So here is the approach I've taken to come up with this algorithm:

  • We are trying to pair checked cells with potential clues they may belong to, so iterating on both of those would be a good start.
  • Given a cell at index i and a clue at index n, cell i may only belong to clue n iff:
    • there is enough space before cell i for groups which satisfy all clues at index < n; and
    • there is enough space after cell i for groups which satisfy all clues at index > n
    • Note: a group of checked cells satisfying clue n will always fit without overlapping with the spaces needed by other clues. Otherwise, it means the clues are ill-formed, which is out of the question here.
  • Problem: this doesn't take into account the fact that a cell may be part of a group of checked consecutive cells. In such a case, with just the above, it is possible that checked cell i is detected as belonging to clue n, but checked cell i+1 is detected as not belonging to clue n, which doesn't make sense. Consider the following row:
    2 3║ | | | | |■|■| | | ║
    Here, cell 6 will be detected as possibly belonging to both clues 2 and 3, but cell 7 will be detected as belonging exclusively to clue 3. It is obvious that such a case doesn't make sense, and the answer is that both cells cannot belong to clue 2, only to clue 3.
    • Solution: let "group i" be the group of checked consecutive cells that cell i is part of. Cell i may belong to clue n iff the left and right boundaries of group i do not overlap with the spaces needed by other clues, as computed above.
  • Problem: this fails to take into account crossed cells (telling this cell cannot be checked), which could "break up" the space available for a group statisfying clue n, potentially making cell i an invalid match for clue n.

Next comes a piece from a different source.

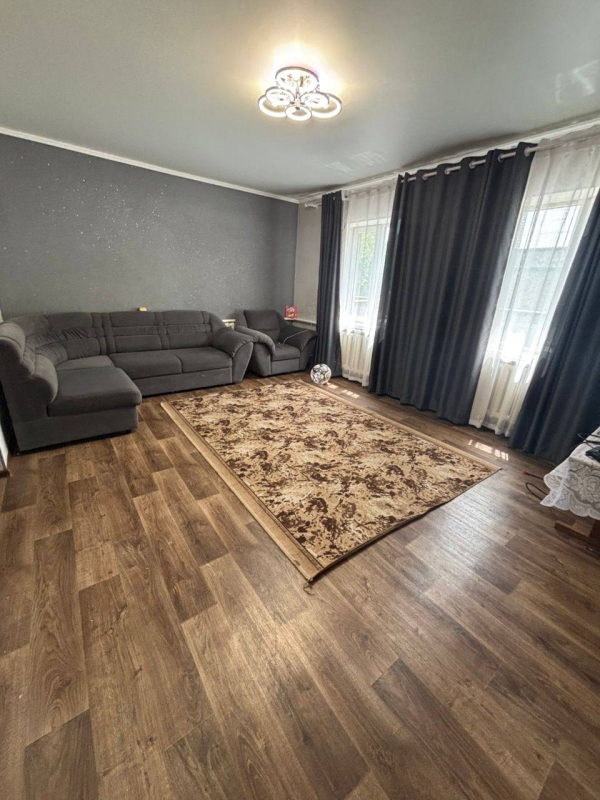 Продаю 5-к дом (192 м²) в Бишкеке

Consider the following row:
    4 3║ | | |■|×|■| | | | ║
    Here, both checked cells will be detected as belonging to clue 4. Indeed, if there weren't a cross inbetween them, those two cells could form a group of 4 and there would still be enough space left for a group of 3 afterwards. However, there is a crossed cell between them, telling us this is not possible.
    • Solution: find the position of the closest crosses both left and right of cell i (if any). Cell i belongs to clue n iff, given a group of checked cells which satisfies clue n and includes cell i:
      • that group can fit between the two bounding crossed cells that were found (if any); and
      • that group can still not overlap the spaces needed by other clues, as computed above.
    • Note: the last condition above is now a required check because, as seen above, a crossed cell may restrict the possible positions for the entire group, which as a result could inevitably overlap with the spaces needed by other clues, thus making cell i an invalid match for clue n. Continuing the example given above: cell 6 cannot belong to clue 4, as it would need to form a group of 4 that would overlap with the space needed by a group of 3 placed afterwards (as required by clue 3).
  • Problem: this fails to detect the presence of some discriminative checked cells. Consider the following row:
    3 3║ | |■| |■|■| | | | ║
    With just the above, the output will be that all three checked cells may belong to both clues. While the "may" part of the statement makes it not wrong, it would be naive to come to such a conclusion. It is obviously apparent that if the empty space in cell 4 was checked, there would be a group of 4, which by the clues of the row is invalid. Therefore it can be crossed, and cell 3 belongs to the first clue, while cells 5 and 6 belong to the second clue.
    • Solution: This requirement is out of scope for the algorithm currently being designed. In order for this specific requirement to be fulfilled, we basically insert an imaginary cross in cell 4 and ask the algorithm to behave as if it was there. However, if we inferred its presence, then it is not imaginary anymore, it must be there! This is part of solving the grid, adding information to the row, not extracting already existing information. See section 2.2.5 (p. 17) of the linked paper, "Joining and splitting".
      So this is basically a non-issue, but I thought I'd include it here as it was part of my thought process at some point, and it also constitutes a valid point to raise.
  • A free improvement: the algorithm we've got so far does an okay job. It assumes that any checked cell can belong to any clue, and performs a series of simple checks on each cell and each clue to validate whether this can actually hold true. If a checked cell is marked as belonging to several clues, we can't tell which of these clues the cell actually belongs to.
    However, if one cell is marked as belonging to one clue, then we can be sure that it belongs exclusively to that clue. This means the following: any other cell which might have been detected as belonging to the same clue and which is "out of range" for a group stemming from the original cell can be seen as a false positive and removed from the belonging entries accordingly.
    Consider the following result, where a figure above a cell means that cell was marked as potentially belonging to the clue that corresponds to the figure:
    ---║ 1 ║
    ---║ 2 2 ║
    1 2║ | |■| | | | | |■| ║
    Because cell 9 belongs exclusively to clue 2, and because cell 3 is out of range for a group of 2 stemming from cell 9, cell 3 cannot be part of clue 2: it is a false positive. We get the following result after removing it:
    ---║ 1 2 ║
    1 2║ | |■| | | | | |■| ║

Combining all of the above together, we get the following algorithm:
(using 0-indexing for cells, as opposed to 1-indexing used throughout the question and this answer)
(using # to indicate comments)

Input:  
- a row (array of cells of length rowWidth)
- corresponding clues (array of integers of length cluesLength)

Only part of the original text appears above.